Where to install nuget package?

Jan 30, 2015 at 5:49 PM
I have two assemblies, my "main" project, and a project with "shared" views.

I understand that the Visual Studio extension's purpose is to compile from ".cshtml" to ".cs". It works in both projects automatically.
  1. But where does the nuget package need to be installed? Only in the shared assembly, or in both?
  2. What is actually its purpose, is it simply to make the main project know about the compiled views in the shared one? In which case, if I only have one project, do I even need the nuget package?
Coordinator
Jan 30, 2015 at 6:08 PM
RazorGenerator.Mvc contains the PrecompiledMvcEngine and related things, which are needed for it to work at runtime. It should be added to whichever assembly registers the view engine (search for PrecompiledMvcEngine).
Jan 30, 2015 at 6:13 PM
Edited Jan 30, 2015 at 6:14 PM
I added the nuget package to the "shared" project, which has my shared/reusable views which I use in multiple projects.

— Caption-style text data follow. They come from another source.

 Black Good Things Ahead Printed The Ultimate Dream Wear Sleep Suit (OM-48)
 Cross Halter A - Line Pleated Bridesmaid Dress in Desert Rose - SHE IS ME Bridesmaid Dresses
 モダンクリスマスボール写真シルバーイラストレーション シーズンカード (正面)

I assume you mean that I don't need it in the client/dependent/child/MAIN/whateveryouwanttocallit! project as well? That's what the documentation seems to indicate, but it's not 100% clear (to me!).
Coordinator
Jan 30, 2015 at 6:19 PM
There are multiple models for doing the engine registration, either externally or from the assembly itself. Simply put, you need it wherever you do the registration. Just try removing it, and if it still builds, you didn't need it :)
Jan 30, 2015 at 6:19 PM
I see there is also documentation on your blog. It says there:
"Now the fun part begins: using NuGet, install the RazorGenerator.Mvc package into your class library. This adds a number of things to the project:"

So I am assuming the nuget package goes into the shared assembly, not the main one.

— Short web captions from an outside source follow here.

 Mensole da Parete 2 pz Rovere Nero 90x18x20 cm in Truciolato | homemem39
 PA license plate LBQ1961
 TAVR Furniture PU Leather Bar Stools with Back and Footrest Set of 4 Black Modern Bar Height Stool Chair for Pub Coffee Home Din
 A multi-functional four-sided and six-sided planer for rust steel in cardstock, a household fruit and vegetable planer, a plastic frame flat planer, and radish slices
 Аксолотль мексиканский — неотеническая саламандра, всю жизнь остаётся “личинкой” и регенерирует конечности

There's actually a lot of good info in that blog article, pity I didnt see it before.
Jan 30, 2015 at 6:24 PM
Edited Jan 30, 2015 at 6:24 PM
davidebbo wrote:
There are multiple models for doing the engine registration, either externally or from the assembly itself. Simply put, you need it wherever you do the registration. Just try removing it, and if it still builds, you didn't need it :)
Haha! Yes figuring out a API by the "try see if it builds" method, is something I do too! Frowned upon but hey it works.

Didnt realise you can register it in a client project, as its not in the docs. But I think registering it in the shared assembly makes more sense (in my use case I suppose), because then it is self-registering, and is mroe reusable, like your blog article explains.